Tenth Street Gallery hiding in plain sight

The Tenth Street Gallery is in the lobby of In Tandem Theatre, a combination designed to attract like-minded audiences. Photo courtesy of Miranda Levy.

In the children’s book series “Where’s Waldo?”, readers are challenged to find the red-and-white striped sweater-wearer among a detailed, two-page crowd of people. To some, the art scene on campus may seem about this easy to find.

But, just like Waldo, if you look closely, you can find art right under your nose — or, at least, under the red Calvary Church.

Located on the corner of 10th Street and Wisconsin Avenue, the lower level of Calvary Church is home to both the Tenth Street Art Gallery and In Tandem Theatre. Jane Flieller, managing director and co-founder of both organizations, said they have been there for about nine years as a combination of visual and performing arts.

“We’re trying to attract like audiences. If you like visual art, there’s a good chance you like performing art,” Flieller said.

Miranda Levy, curator of the Tenth Street Gallery, said she tries to select artwork for the gallery that matches the plays being performed at the theater.

Right now, for example, In Tandem Theatre is presenting “Art of Murder,” a murder mystery play in which an artist, his wife, their art dealer and their maid actively plot to kill each other.
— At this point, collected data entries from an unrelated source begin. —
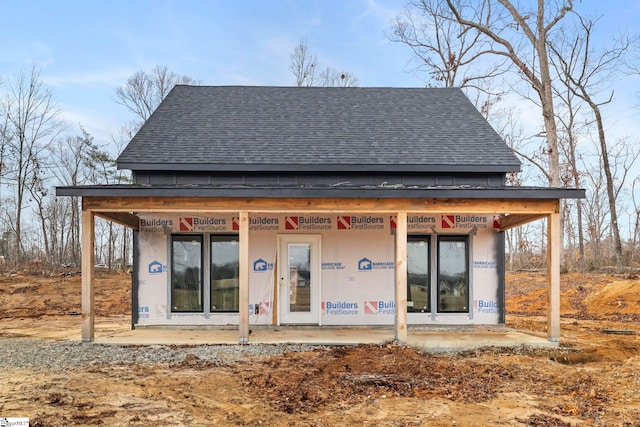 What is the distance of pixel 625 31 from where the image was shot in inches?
872

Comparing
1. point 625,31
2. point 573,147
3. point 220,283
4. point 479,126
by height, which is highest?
point 625,31

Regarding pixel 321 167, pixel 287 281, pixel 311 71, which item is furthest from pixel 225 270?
pixel 311 71

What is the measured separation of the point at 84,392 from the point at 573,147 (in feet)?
87.9

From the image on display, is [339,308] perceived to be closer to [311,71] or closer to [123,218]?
[123,218]

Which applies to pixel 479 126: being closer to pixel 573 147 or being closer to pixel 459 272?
pixel 459 272

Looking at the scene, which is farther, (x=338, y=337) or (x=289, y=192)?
(x=338, y=337)

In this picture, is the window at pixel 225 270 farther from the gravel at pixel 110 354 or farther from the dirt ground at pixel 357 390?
the dirt ground at pixel 357 390

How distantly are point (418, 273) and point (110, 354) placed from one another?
6.35 meters

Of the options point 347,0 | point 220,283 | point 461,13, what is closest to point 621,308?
point 220,283

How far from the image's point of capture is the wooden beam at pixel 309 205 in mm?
8594

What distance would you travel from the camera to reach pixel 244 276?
861 cm

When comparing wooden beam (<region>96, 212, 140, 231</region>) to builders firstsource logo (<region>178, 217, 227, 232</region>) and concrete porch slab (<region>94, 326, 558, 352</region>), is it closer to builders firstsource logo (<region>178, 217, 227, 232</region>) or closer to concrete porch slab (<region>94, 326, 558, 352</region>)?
builders firstsource logo (<region>178, 217, 227, 232</region>)

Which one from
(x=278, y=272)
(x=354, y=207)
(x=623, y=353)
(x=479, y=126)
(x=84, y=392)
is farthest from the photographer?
(x=479, y=126)

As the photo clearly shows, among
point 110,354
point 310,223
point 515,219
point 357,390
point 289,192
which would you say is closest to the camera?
point 357,390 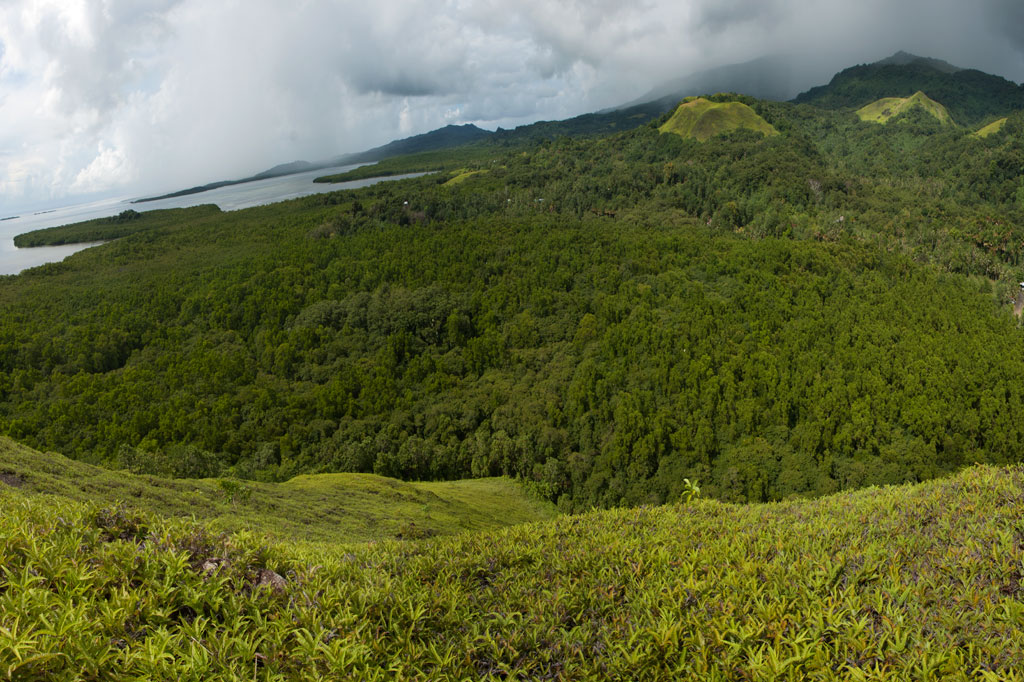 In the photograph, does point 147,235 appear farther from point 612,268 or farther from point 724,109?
point 724,109

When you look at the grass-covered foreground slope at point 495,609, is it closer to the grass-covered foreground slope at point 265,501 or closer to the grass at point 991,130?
the grass-covered foreground slope at point 265,501

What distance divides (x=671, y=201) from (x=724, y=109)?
7930 centimetres

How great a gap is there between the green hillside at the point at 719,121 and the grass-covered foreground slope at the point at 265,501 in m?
196

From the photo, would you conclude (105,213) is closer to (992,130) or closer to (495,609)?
(495,609)

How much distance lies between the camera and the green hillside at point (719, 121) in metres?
185

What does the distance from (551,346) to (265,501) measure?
199 feet

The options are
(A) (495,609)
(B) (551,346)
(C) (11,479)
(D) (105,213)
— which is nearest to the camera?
(A) (495,609)

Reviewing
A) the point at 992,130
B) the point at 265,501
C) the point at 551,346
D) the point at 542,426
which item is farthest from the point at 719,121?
the point at 265,501

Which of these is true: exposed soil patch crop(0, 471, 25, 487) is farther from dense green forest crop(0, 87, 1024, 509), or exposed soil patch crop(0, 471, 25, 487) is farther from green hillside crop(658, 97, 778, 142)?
green hillside crop(658, 97, 778, 142)

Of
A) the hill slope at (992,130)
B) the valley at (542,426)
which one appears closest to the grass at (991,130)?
the hill slope at (992,130)

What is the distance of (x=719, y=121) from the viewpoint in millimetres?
188000

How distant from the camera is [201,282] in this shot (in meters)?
94.0

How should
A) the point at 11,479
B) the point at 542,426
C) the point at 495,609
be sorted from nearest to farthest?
1. the point at 495,609
2. the point at 11,479
3. the point at 542,426

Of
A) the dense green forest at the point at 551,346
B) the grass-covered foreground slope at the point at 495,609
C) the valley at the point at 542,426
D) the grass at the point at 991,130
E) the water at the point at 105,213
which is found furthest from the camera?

When looking for artwork to complement this theme, Levy said she decided to select the work of local artist Melissa Wagner-Lawler, since its textile aspects and cutouts hint at a “murderous” undertone. The resulting show, “Accident,” is Wagner-Lawler’s first solo exhibition.

Wagner-Lawler said the exhibition was inspired by years of work using the color red.

“I worked with (the color) throughout the years, incorporating it into different concepts and ideas until it progressed into blood splatters,” Wagner-Lawler said.

She said she was also inspired by the CBS police drama series “Cold Case,” which focuses on long-unsolved murders.

“These accident and murder scenes are gross,” she said. “We don’t want to look at them, yet we’re still morbidly curious.”

Wagner-Lawler said “Accident” is her exploration of these grotesque murders and her attempt to make them more accessible and decorative.

She said the Tenth Street Gallery is a fitting venue for her work because the audience coming to see “Art of Murder” at the theater is already comfortable enough to see a play that involves murder, making them more open to her work.

“Not that it’s too provocative or grotesque,” Wagner-Lawler said, “but the ideas it surfaces can make some people uncomfortable, so this venue was perfect for showing my full (range) of work.”

She said she thinks the gallery is intimate, welcoming and less dismissive than a white wall gallery, where everything is so pristine that the audience could feel slightly removed from the work.

“Here you can view the work up close. … It makes for a fully entertaining experience,” Wagner-Lawler said.

Levy said putting the photos up close is exactly what Wagner-Lawler’s art needs because of its “attraction-to-repulsion quality.” When you first look at the work, you can tell it’s supposed to be fragmented body pieces, and the redness of the work instills a sense of anxiety. But as you get up close, Levy said, a different picture emerges.

“When you go close to it and see all the handiwork and detail … it almost becomes an obsessive-compulsive ordeal that I think is absolutely beautiful,” Levy said.

Just another argument to take a closer look at everything — including the art that might be hiding under your nose.

“Accident” runs through Nov. 9 at the Tenth Street Gallery, concurrent with In Tandem Theatre’s “Art of Murder,” which runs through Nov. 7. “Accident” is free to the public Monday to Friday from 10 a.m. to 4 p.m., and tickets for “Art of Murder” can be purchased at 414-271-1371 or online at intandemtheatre.org.